(Stored data)
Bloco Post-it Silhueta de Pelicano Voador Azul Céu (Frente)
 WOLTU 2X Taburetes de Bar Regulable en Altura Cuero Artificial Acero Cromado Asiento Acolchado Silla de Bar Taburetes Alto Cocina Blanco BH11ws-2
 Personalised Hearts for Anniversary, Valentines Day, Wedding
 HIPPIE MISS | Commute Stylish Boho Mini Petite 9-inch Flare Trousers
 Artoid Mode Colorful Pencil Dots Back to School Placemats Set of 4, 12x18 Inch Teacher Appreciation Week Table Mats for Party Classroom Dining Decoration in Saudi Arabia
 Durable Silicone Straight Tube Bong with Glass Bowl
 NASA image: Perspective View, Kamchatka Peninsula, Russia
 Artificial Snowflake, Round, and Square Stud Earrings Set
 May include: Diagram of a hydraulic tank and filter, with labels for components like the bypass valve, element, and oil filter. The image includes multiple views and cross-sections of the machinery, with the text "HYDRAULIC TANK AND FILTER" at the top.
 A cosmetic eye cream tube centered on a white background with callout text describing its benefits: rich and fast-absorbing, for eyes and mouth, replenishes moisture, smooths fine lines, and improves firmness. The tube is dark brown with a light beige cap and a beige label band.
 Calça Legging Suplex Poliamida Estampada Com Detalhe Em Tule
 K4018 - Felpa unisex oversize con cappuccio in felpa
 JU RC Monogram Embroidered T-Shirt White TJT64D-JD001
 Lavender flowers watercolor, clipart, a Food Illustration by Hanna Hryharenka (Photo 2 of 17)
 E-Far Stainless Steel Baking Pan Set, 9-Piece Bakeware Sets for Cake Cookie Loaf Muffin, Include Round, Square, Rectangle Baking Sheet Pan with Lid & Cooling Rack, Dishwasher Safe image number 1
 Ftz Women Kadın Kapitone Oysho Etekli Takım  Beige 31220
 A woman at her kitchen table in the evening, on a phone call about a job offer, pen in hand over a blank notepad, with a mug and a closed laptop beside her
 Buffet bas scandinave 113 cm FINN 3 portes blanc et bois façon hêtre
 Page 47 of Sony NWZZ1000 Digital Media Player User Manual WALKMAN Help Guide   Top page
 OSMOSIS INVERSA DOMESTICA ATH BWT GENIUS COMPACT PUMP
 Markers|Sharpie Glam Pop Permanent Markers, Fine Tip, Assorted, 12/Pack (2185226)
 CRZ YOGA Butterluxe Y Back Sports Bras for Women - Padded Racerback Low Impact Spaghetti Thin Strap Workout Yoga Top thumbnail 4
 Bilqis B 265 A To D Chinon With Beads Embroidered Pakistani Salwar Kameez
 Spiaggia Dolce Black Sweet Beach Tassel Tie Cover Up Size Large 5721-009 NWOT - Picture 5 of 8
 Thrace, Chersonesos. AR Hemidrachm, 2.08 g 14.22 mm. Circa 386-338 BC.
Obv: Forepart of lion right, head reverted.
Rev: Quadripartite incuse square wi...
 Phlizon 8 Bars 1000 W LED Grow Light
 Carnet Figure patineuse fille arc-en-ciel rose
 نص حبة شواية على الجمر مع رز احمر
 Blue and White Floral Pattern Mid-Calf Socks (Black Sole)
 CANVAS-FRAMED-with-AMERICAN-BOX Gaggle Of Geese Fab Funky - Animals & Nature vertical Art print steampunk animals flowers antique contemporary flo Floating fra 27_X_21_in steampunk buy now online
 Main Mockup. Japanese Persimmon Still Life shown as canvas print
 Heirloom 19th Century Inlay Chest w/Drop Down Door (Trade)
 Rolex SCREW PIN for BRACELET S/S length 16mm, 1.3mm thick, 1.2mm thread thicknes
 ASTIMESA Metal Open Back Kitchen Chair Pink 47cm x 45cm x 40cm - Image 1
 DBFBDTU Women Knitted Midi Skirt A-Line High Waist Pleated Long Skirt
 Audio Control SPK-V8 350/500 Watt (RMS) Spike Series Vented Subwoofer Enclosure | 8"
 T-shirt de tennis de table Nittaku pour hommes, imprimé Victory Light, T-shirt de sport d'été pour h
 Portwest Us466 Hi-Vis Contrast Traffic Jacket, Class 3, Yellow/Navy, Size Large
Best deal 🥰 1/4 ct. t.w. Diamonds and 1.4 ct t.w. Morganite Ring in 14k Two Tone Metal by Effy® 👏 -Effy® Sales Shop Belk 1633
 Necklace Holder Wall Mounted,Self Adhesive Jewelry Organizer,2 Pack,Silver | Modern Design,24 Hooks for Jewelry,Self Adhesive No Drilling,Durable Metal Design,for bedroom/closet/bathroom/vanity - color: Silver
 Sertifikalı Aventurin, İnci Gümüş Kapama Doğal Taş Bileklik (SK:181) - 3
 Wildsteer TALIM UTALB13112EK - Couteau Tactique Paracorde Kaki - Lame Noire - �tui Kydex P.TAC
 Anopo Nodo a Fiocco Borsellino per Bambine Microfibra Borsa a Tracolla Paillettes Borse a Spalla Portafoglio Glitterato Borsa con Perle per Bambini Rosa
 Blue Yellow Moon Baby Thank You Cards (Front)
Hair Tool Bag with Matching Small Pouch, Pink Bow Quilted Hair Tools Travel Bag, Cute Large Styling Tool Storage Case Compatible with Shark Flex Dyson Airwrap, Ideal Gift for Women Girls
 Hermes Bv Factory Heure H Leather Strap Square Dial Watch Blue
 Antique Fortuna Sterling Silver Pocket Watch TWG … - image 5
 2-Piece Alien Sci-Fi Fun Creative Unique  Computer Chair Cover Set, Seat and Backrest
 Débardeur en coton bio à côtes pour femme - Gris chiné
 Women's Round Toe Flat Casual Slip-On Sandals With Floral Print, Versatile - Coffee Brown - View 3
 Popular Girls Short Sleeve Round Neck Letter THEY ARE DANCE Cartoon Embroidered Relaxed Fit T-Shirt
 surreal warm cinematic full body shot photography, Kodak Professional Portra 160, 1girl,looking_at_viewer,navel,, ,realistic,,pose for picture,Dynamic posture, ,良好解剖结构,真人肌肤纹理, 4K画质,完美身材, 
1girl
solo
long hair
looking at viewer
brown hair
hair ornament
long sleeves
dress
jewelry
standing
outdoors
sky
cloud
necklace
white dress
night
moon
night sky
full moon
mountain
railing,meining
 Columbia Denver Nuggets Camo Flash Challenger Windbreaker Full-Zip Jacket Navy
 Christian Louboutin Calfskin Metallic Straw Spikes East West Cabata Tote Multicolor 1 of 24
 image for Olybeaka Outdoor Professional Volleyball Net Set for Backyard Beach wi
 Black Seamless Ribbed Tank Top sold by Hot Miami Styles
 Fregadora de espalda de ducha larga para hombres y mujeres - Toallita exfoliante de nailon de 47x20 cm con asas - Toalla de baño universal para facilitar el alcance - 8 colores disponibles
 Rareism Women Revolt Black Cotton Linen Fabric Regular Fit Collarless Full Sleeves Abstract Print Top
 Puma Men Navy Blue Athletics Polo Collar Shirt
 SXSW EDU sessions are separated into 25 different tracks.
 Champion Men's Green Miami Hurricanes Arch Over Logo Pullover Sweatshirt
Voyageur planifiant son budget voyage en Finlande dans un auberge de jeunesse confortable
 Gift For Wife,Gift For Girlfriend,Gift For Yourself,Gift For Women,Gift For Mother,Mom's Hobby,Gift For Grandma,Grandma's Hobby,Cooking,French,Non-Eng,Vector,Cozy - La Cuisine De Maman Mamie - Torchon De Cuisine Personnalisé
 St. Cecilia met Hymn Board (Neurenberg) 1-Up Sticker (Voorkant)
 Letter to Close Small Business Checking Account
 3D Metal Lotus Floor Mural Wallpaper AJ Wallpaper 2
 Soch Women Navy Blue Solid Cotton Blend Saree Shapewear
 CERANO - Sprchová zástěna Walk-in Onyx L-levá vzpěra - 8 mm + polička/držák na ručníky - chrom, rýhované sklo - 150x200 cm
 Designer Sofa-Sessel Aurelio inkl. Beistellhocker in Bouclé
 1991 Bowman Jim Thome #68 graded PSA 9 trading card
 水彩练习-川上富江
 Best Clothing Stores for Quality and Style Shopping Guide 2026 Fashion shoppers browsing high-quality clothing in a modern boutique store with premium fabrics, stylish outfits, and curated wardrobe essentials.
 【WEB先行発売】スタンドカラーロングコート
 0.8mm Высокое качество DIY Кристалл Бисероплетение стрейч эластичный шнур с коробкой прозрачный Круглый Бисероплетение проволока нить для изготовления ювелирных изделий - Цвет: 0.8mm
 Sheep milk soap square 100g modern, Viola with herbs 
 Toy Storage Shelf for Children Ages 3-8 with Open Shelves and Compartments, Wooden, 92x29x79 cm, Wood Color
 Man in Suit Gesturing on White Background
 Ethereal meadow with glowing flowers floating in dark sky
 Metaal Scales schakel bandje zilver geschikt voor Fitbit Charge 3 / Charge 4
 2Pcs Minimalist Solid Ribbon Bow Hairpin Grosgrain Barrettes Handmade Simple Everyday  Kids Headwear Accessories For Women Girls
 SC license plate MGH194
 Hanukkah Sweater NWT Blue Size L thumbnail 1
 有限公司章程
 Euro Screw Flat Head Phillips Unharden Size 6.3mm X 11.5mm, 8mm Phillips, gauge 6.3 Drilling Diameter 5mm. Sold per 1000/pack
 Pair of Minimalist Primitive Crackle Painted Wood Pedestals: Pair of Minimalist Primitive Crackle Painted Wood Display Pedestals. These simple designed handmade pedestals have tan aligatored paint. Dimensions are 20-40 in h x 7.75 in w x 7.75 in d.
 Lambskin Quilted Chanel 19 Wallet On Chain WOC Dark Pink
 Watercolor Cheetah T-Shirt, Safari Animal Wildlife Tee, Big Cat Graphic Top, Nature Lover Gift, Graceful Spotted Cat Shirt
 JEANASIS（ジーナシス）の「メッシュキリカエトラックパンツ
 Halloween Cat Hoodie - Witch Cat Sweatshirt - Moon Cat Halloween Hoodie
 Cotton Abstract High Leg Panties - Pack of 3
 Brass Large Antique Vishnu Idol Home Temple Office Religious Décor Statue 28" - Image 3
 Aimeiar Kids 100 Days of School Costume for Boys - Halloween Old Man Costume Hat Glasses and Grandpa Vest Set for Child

**Exercise objective:** From the data above, output only the lines between the line containing "surreal warm cinematic" and the line containing "Black Seamless Ribbed", inclusive, exactly as written.

**Written response:**
 surreal warm cinematic full body shot photography, Kodak Professional Portra 160, 1girl,looking_at_viewer,navel,, ,realistic,,pose for picture,Dynamic posture, ,良好解剖结构,真人肌肤纹理, 4K画质,完美身材, 
1girl
solo
long hair
looking at viewer
brown hair
hair ornament
long sleeves
dress
jewelry
standing
outdoors
sky
cloud
necklace
white dress
night
moon
night sky
full moon
mountain
railing,meining
 Columbia Denver Nuggets Camo Flash Challenger Windbreaker Full-Zip Jacket Navy
 Christian Louboutin Calfskin Metallic Straw Spikes East West Cabata Tote Multicolor 1 of 24
 image for Olybeaka Outdoor Professional Volleyball Net Set for Backyard Beach wi
 Black Seamless Ribbed Tank Top sold by Hot Miami Styles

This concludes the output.